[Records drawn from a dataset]
------------------------

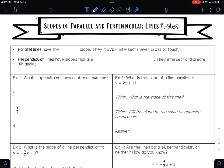In this video, we are going to be talking about slopes of parallel and perpendicular lines. Parallel lines have the same slope, so they are equal. They never intersect — that means they never cross or touch. So parallel lines would be two lines like this, going up and down forever, never going to cross paths.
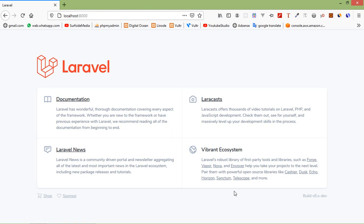Hi everyone, welcome back to the Laravel 8 tutorial. In this video, we are going to learn about the HTTP client. HTTP client allows you to quickly make outgoing HTTP requests to communicate with other web applications. It makes it easy to send HTTP requests with data, headers, and is trivial to integrate with web services. Now let's see how we can make GET, POST, PUT, and DELETE requests using the HTTP client.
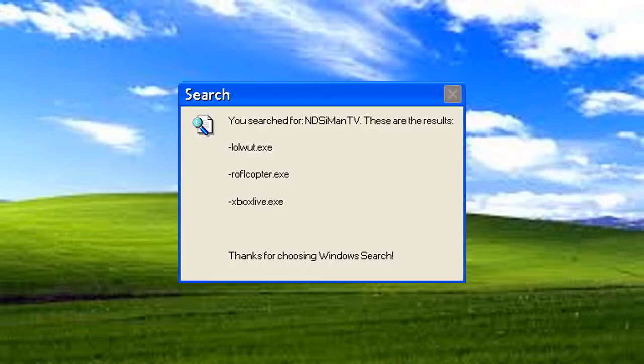You searched for NDSi Band TV. These are the results. Malwit dobegs, Rafflecopter dobegs, and Xbox Live dobegs. Thank you for choosing Windows search.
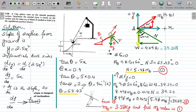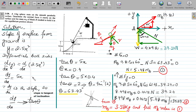We are interested in finding the slope of this parabolic surface so we can calculate theta. The slope of the surface is given by the function y = 2.5x². We differentiate both sides: dy/dx = d/dx(2.5x²), which gives dy/dx = 5x. We know that dy/dx is the slope, and slope is the tangent of inclination, so we replace dy/dx with tan θ. Therefore, tan θ = 5x.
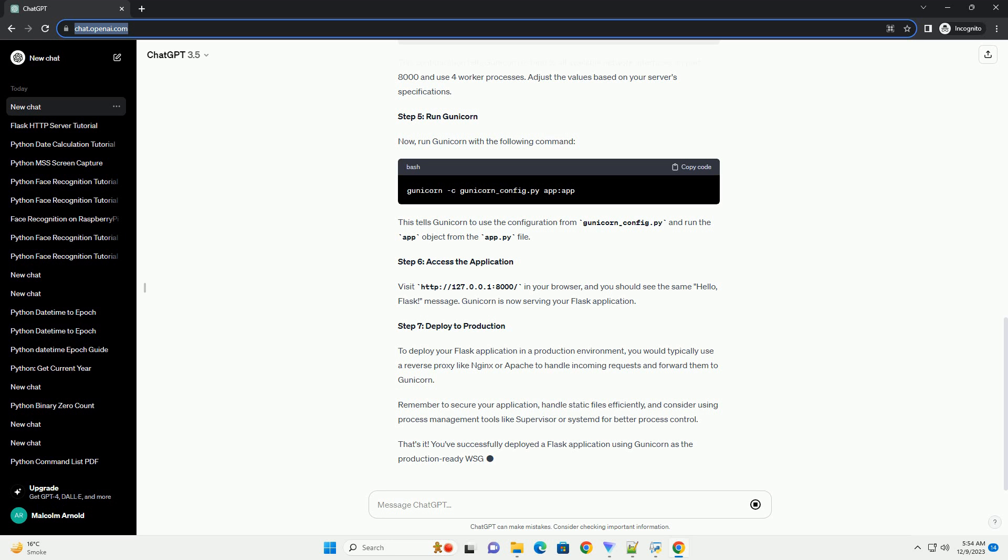That's it. You've successfully deployed a Flask application using Gunicorn as the production-ready WSGI server.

------------------------

# TASK ITEM
Retype word for word the span of lines above that begins with the line containing "You searched for" and ends with the last line of the records; skip all pictures.

# YOUR SOLUTION
You searched for NDSi Band TV. These are the results. Malwit dobegs, Rafflecopter dobegs, and Xbox Live dobegs. Thank you for choosing Windows search.
We are interested in finding the slope of this parabolic surface so we can calculate theta. The slope of the surface is given by the function y = 2.5x². We differentiate both sides: dy/dx = d/dx(2.5x²), which gives dy/dx = 5x. We know that dy/dx is the slope, and slope is the tangent of inclination, so we replace dy/dx with tan θ. Therefore, tan θ = 5x.
That's it. You've successfully deployed a Flask application using Gunicorn as the production-ready WSGI server.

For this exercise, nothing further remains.